_Dataset entries_:
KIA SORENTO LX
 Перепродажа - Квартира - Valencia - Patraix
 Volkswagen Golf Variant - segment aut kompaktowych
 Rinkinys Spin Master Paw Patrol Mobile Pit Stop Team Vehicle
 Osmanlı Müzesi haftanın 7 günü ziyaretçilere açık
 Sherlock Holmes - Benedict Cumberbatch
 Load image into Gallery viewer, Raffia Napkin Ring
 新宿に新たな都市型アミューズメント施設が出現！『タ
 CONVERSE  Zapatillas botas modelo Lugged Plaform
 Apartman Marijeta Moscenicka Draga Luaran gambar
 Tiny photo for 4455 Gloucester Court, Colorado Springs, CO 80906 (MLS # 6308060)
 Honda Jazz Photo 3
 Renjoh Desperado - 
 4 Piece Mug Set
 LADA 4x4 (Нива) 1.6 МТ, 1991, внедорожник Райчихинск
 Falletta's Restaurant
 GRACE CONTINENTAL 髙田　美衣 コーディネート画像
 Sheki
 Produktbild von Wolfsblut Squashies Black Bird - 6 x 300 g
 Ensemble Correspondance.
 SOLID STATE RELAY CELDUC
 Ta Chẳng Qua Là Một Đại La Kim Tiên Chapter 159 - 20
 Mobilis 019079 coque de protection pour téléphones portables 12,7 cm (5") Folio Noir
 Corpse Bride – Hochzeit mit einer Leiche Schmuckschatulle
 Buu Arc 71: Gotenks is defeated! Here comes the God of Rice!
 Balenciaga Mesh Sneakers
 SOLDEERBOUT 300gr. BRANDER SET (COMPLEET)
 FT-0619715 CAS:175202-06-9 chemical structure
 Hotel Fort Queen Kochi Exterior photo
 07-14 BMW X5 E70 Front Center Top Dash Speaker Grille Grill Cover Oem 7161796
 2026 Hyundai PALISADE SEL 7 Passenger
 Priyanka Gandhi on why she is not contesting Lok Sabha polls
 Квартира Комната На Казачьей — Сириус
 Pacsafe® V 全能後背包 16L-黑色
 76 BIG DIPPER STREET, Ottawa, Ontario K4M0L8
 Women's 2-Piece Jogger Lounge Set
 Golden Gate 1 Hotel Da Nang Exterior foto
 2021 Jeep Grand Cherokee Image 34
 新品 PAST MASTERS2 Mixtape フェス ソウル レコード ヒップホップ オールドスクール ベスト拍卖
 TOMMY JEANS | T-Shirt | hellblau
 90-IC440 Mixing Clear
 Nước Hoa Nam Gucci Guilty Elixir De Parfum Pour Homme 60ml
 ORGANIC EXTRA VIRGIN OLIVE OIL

_What you should do_: After locating the line with "Sherlock Holmes - Benedict Cumberbatch" above, return that line and every later line through the one with "Tiny photo for", word for word and with nothing else.

_Exercise response_:
 Sherlock Holmes - Benedict Cumberbatch
 Load image into Gallery viewer, Raffia Napkin Ring
 新宿に新たな都市型アミューズメント施設が出現！『タ
 CONVERSE  Zapatillas botas modelo Lugged Plaform
 Apartman Marijeta Moscenicka Draga Luaran gambar
 Tiny photo for 4455 Gloucester Court, Colorado Springs, CO 80906 (MLS # 6308060)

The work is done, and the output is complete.